Summary
While the general may not realize their full interaction with AI, throughout the day people are truly dependent on it, based on their conversation with a phone assistant or even in the backend of their bank they use. While comparing AI against its own metrics is an imperative part to ensure the highest of quality, this team compared how two different models compared when working in collaboration with Humans. To ensure there is a valid and fair comparison, there is a simple game (similar to Guess Who) where the AI has to work with other AI or humans to guess the selected image based on a series of questions. Though the AI and AI collaboration provides good results, the AI and Human collaboration is relatively weaker.
Reflection
I appreciate the competitive nature of comparing both the supervised learning (SL) and a reinforcement learning (RL) in the same type of game scenario of helping the human succeed by aiding the as best as it can. However as one of their contributions, I have issue with the relative comparison between the SL and RL bots. Within their contributions, they explicitly say they find “no significant difference in performance” between the different models. While they continue to describe the two methods performing approximately equally, their self-reported data describes a better model in most measurements. Within Table 1 (the comparison of humans working with each model), SL is reported as having a better (yet small) increase and decrease in Mean Rank and Mean Reciprocal Rank respectively (lower and then higher is better respectively). Within Table 2 (the comparison of the multitude of teams), there was only one scenario where the RL Model performed better than the SL Model. Lastly even in the participants self-reported perceptions, the SL Model only decreased performance in 1 of 6 different categories. Though it may be a small decrease in performance, they’re diction downplays part of the argument their making. Though I admit the SL model having a better Mean Rank by 0.3 (from Table 1 MR difference or Table 2 Human row) doesn’t appear to be a big difference, I believe part of their contribution statement “This suggests that while self-talk and RL are interesting directions to pursue for building better visual conversational agents…” is not an accurate description since by their own data it’s empirically disproven.
Questions
- Though I admit I focus on the representation of the data and the delivery of their contributions while they focus on the Human-in-the-loop aspect of the data, within the machine learning environment I imagine the decrease in accuracy (by 0.3 or approximately 5%) would not be described as insignificant.
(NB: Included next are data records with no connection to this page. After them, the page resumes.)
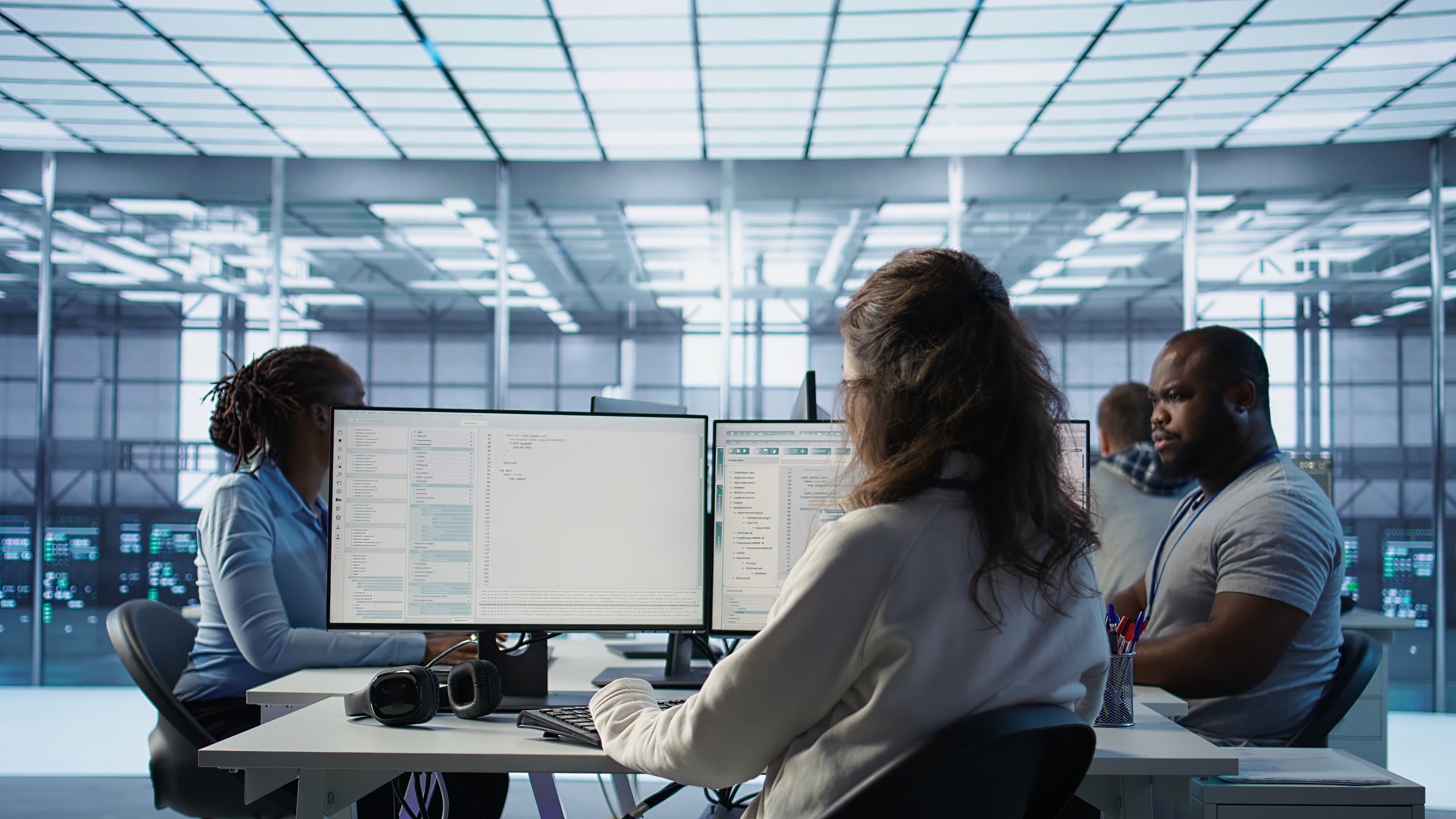 Data, Automation & Enterprise Operations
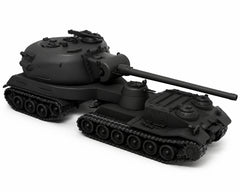 SSMODEL 1/144 Super Heavy Semi-trailer Tank Resin MODEL KIT TSS1440466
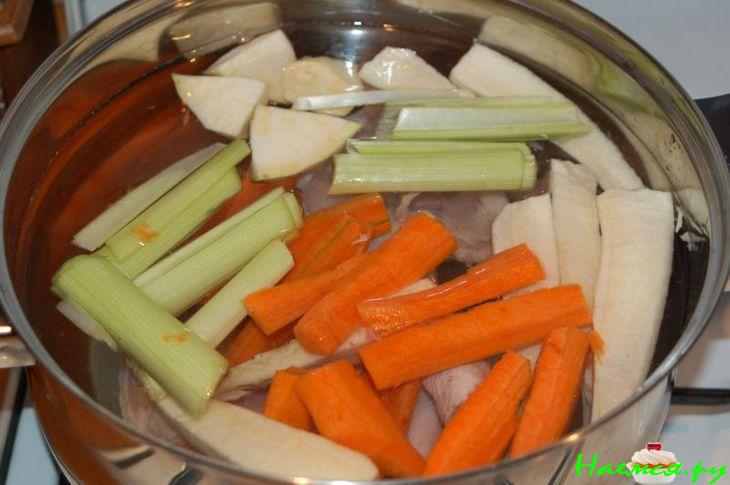 Польский томатный суп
Do you think their verbiage is truly representative of the Machine Learning relevance?
- Do you think more Turk Workers (they used data from at least 56 workers) or adding requirements of age would change their data?
- Though evaluating the quality of collaboration is imperative between Humans and AI to ensure AI’s are made adequately, it seems common there is a disparity between comparing that collaboration and AI with AI. Due to this disconnect their statement on progress between the two collaboration studies seems like a fundamental idea. Do you think this work is more idealistic in its contributions or fundamental?
Hi Miles,
To answer your third question, I do believe it’s fundamental for us to understand the relation between Human-AI collaboration especially when models are applied in a such manner. The contributions would have been more idealistic if it was applied to a model that does not need the Human-AI and would be sufficient to only study the AI-AI evaluation.